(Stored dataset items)
* * * *

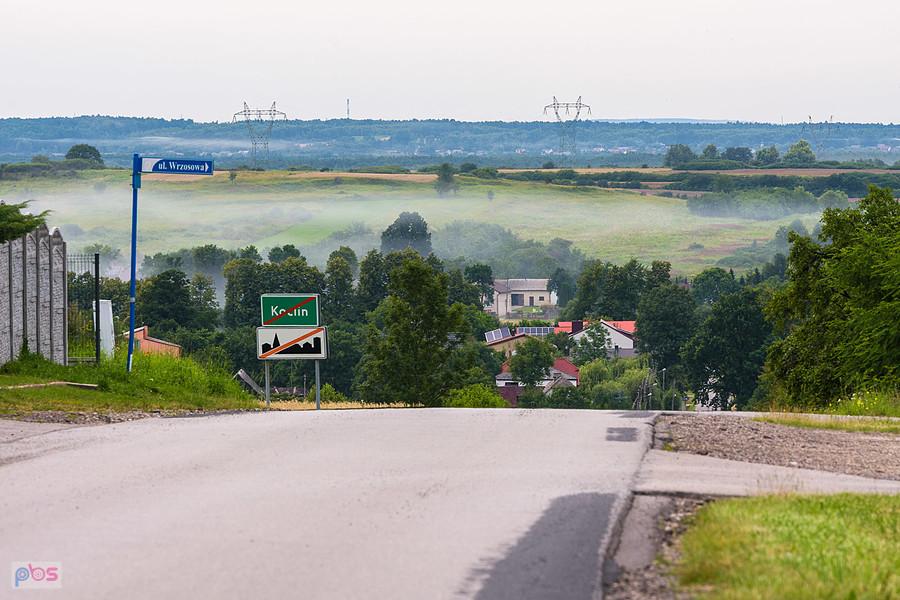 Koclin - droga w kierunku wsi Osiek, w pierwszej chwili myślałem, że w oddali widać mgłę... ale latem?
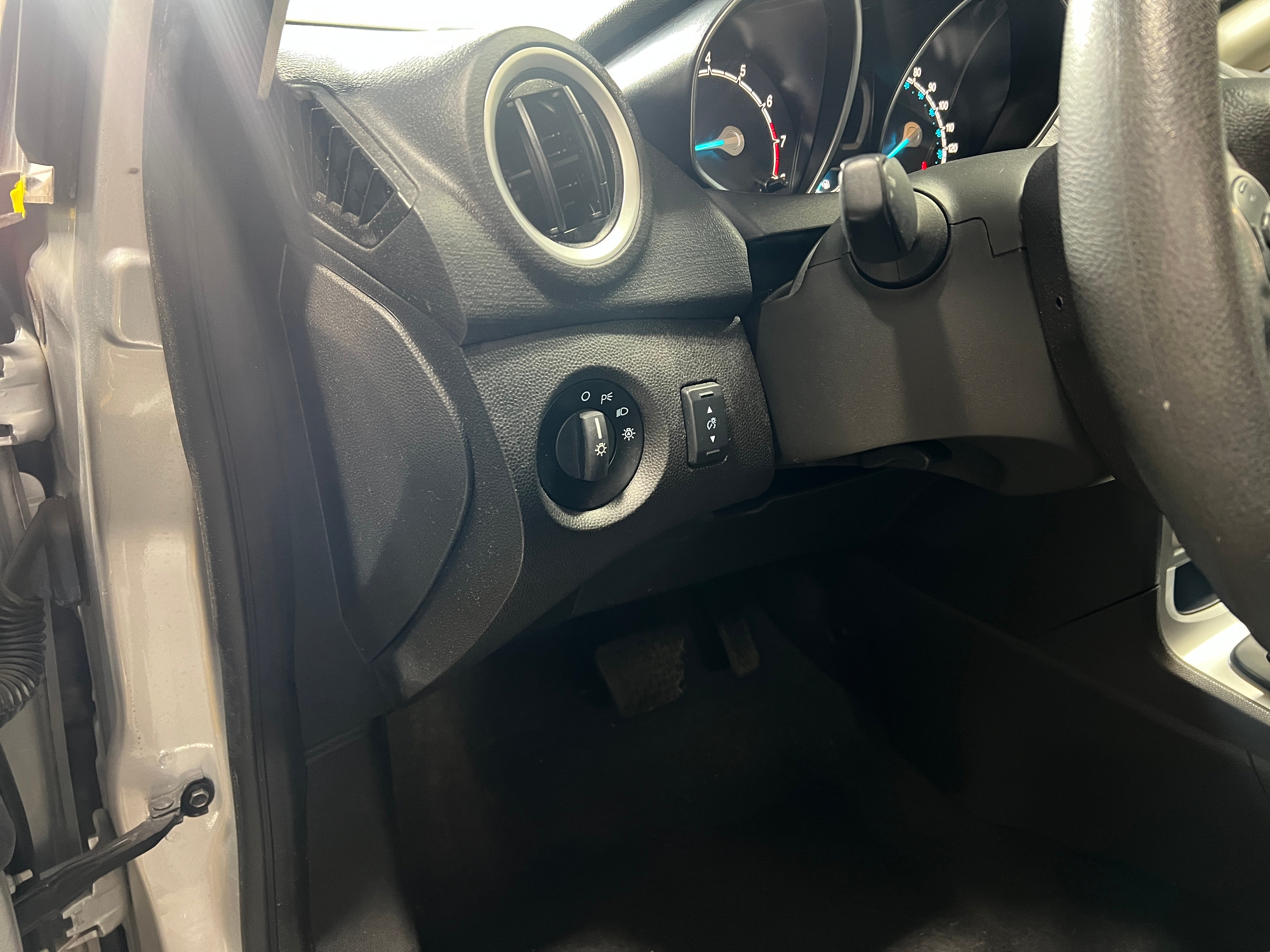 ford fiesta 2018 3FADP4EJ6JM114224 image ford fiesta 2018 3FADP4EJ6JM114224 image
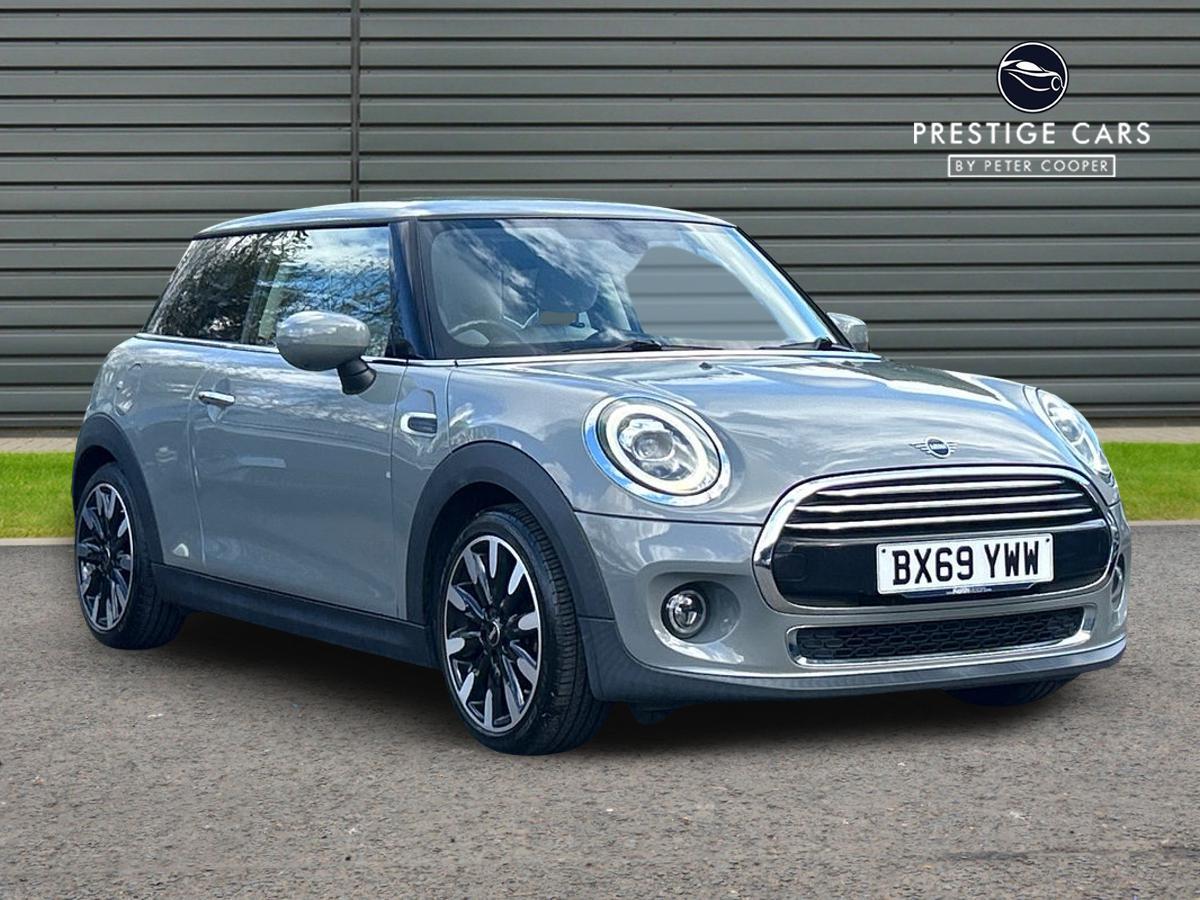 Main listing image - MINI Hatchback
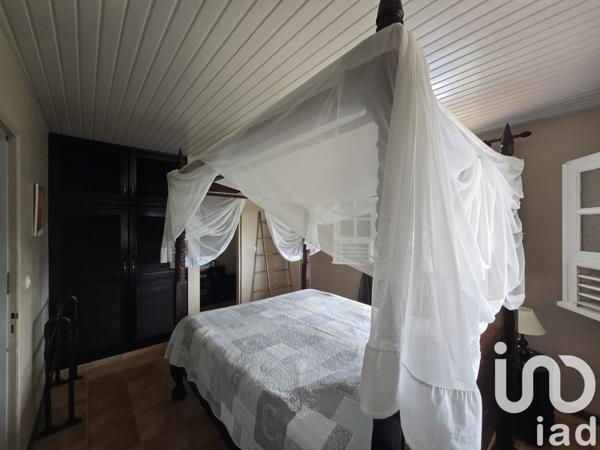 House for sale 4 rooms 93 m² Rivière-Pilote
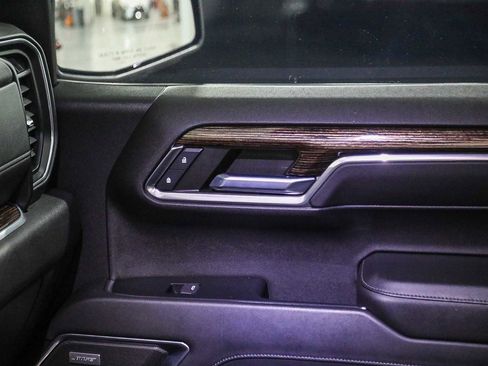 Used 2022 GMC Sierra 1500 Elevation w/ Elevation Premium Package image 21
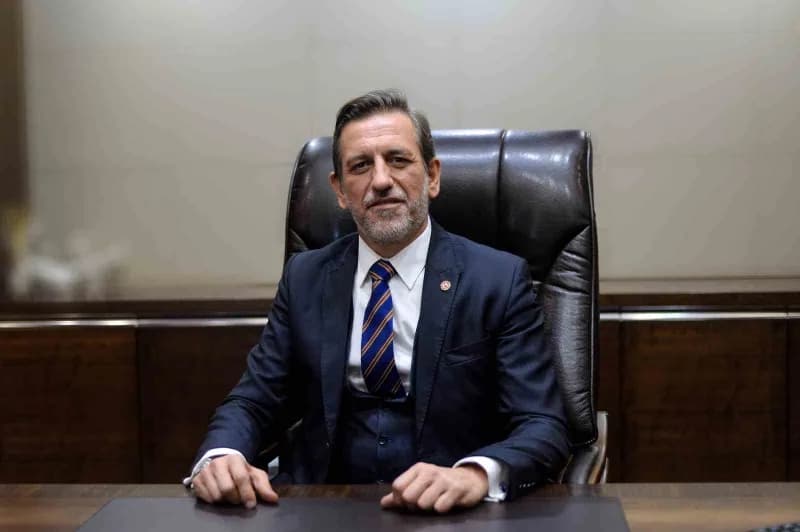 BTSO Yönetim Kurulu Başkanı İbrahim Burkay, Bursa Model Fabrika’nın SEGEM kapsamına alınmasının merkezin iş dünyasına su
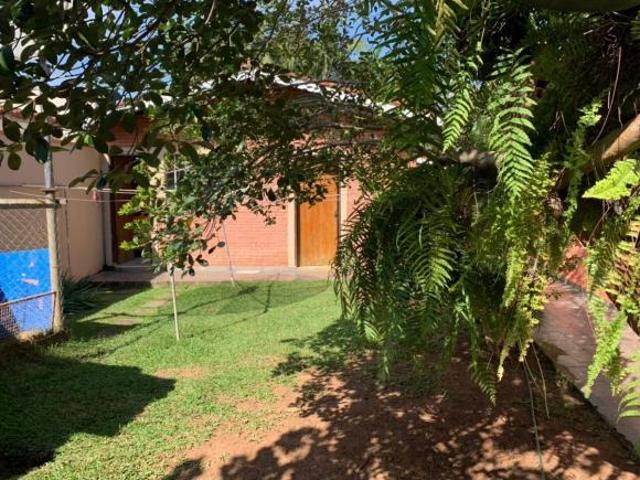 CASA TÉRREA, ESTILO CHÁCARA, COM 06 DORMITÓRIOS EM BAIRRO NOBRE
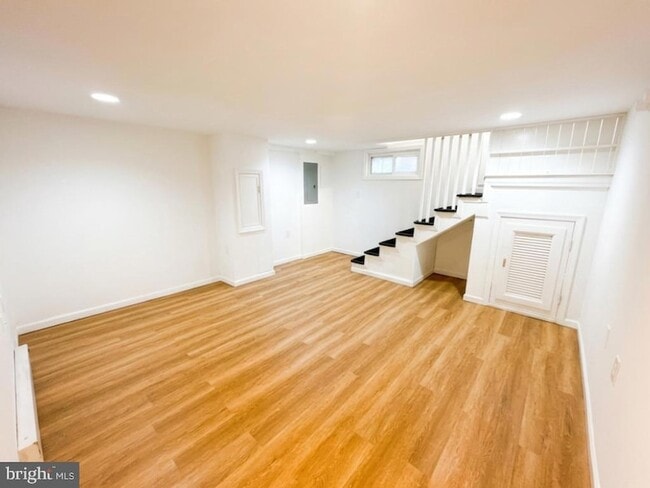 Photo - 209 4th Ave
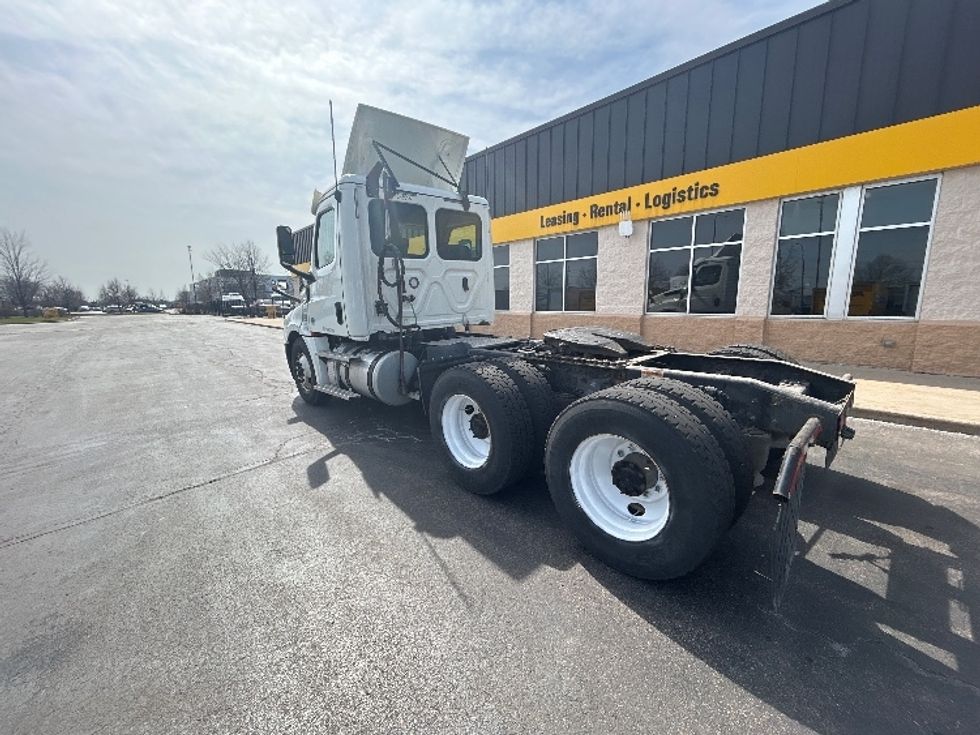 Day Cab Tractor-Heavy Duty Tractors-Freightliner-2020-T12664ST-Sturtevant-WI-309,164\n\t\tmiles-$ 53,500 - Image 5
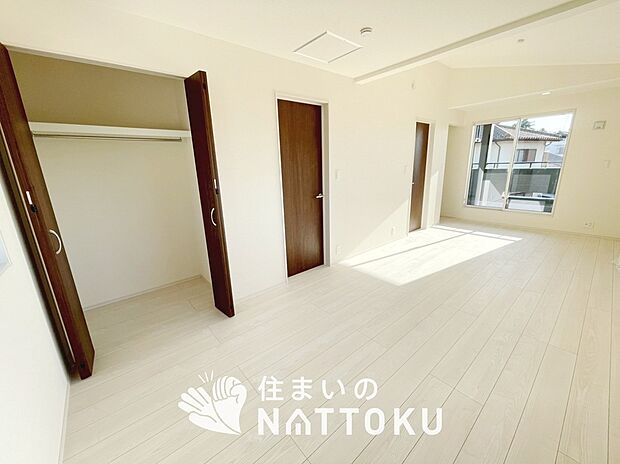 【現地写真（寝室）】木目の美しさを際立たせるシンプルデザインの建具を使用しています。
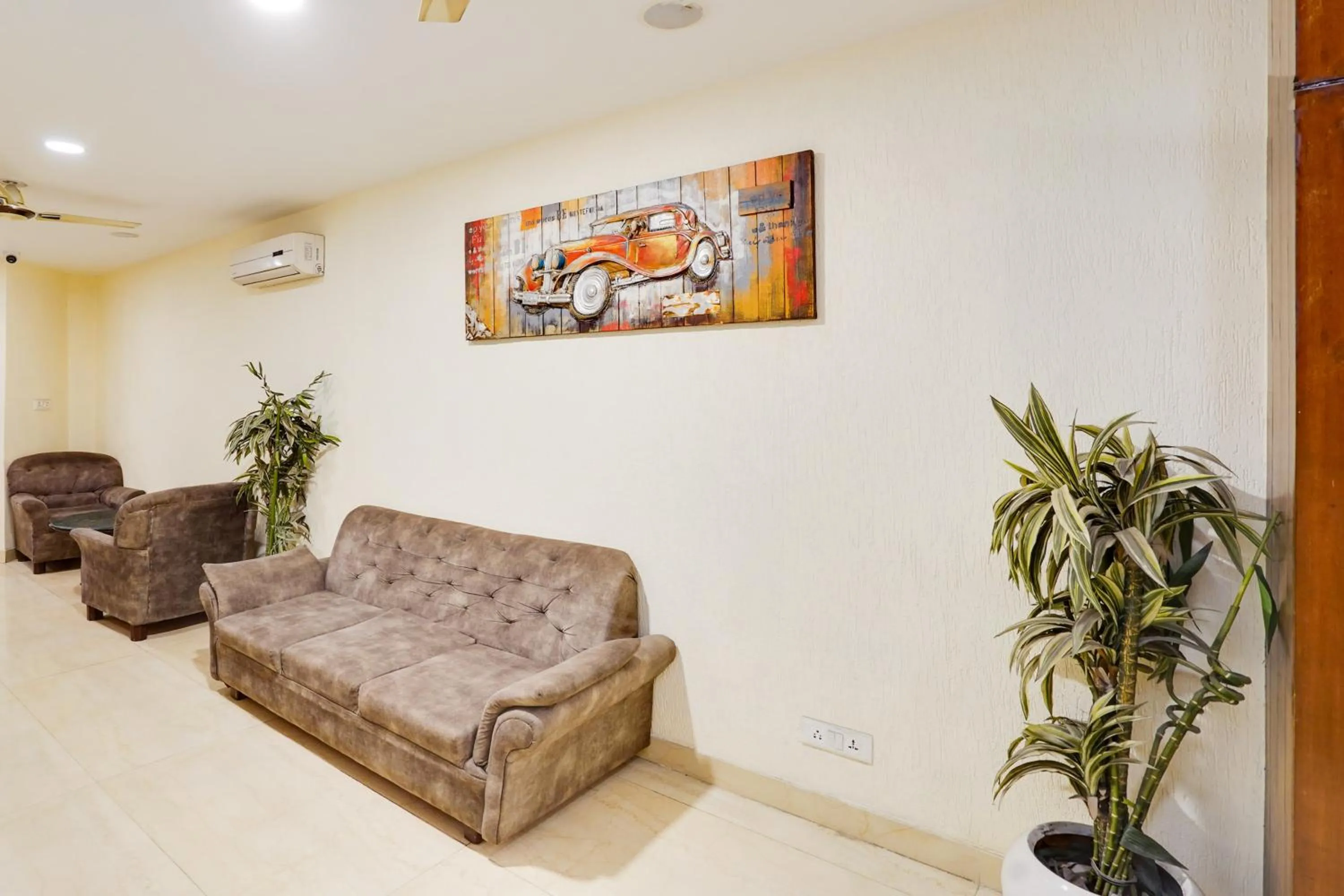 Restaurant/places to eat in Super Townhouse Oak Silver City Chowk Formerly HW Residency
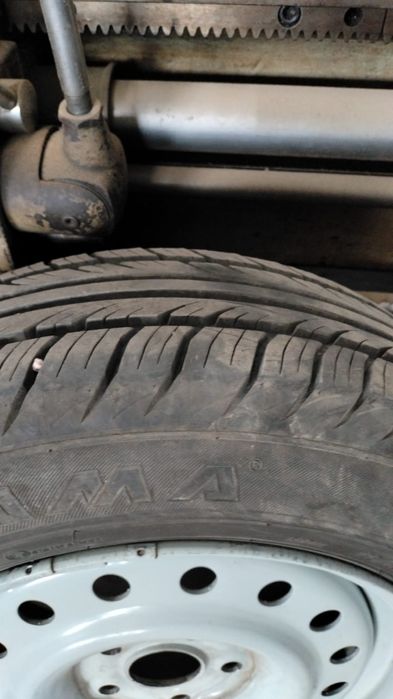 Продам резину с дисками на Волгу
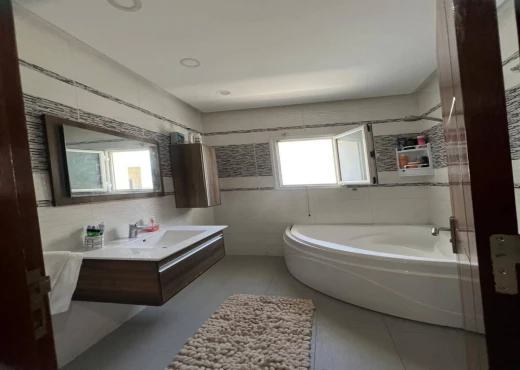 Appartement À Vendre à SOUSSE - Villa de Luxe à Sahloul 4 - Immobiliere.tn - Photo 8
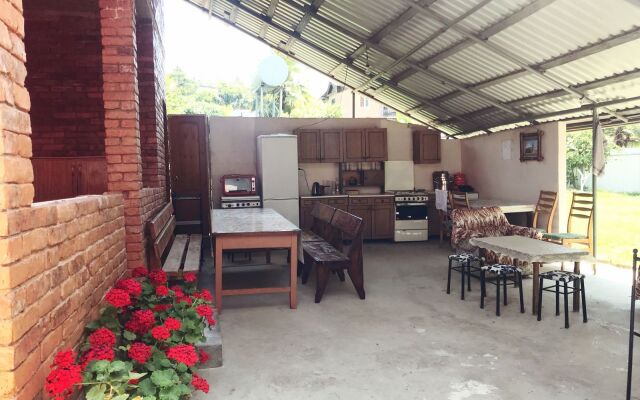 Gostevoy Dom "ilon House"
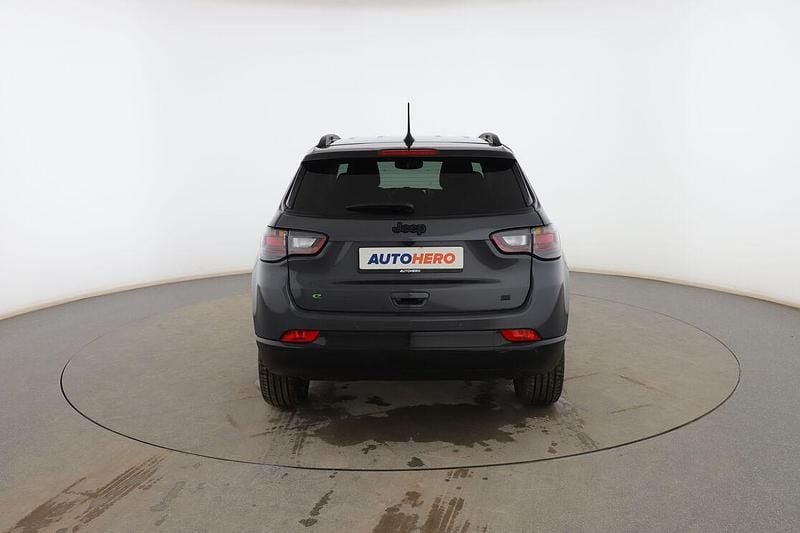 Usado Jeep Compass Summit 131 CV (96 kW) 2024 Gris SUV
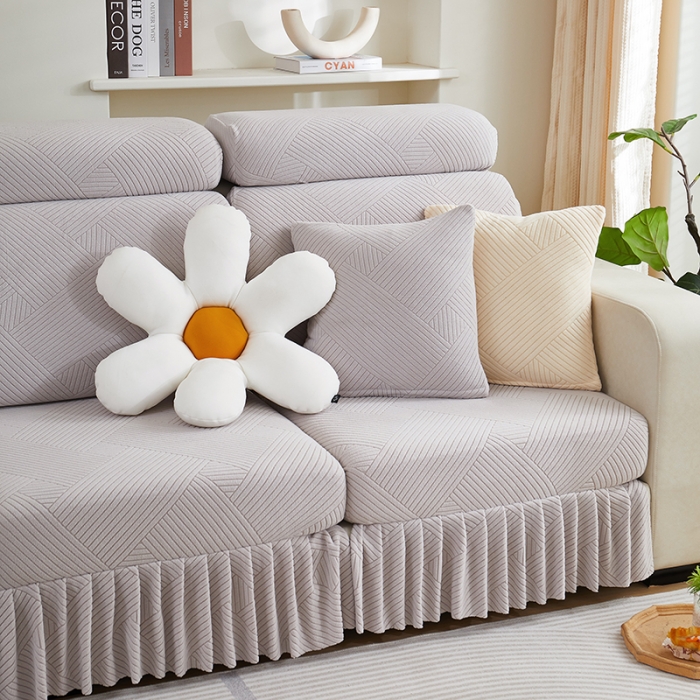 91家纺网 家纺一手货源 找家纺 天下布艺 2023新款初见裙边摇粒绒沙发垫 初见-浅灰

* * * *

### [Exercise goal]
Exclude the pictures and write out exactly the lines from the one holding "Продам резину с дисками на Волгу" through the end of the entries, inclusive, and only those.

### [Answer to this task]
 Продам резину с дисками на Волгу
 Appartement À Vendre à SOUSSE - Villa de Luxe à Sahloul 4 - Immobiliere.tn - Photo 8
 Gostevoy Dom "ilon House"
 Usado Jeep Compass Summit 131 CV (96 kW) 2024 Gris SUV
 91家纺网 家纺一手货源 找家纺 天下布艺 2023新款初见裙边摇粒绒沙发垫 初见-浅灰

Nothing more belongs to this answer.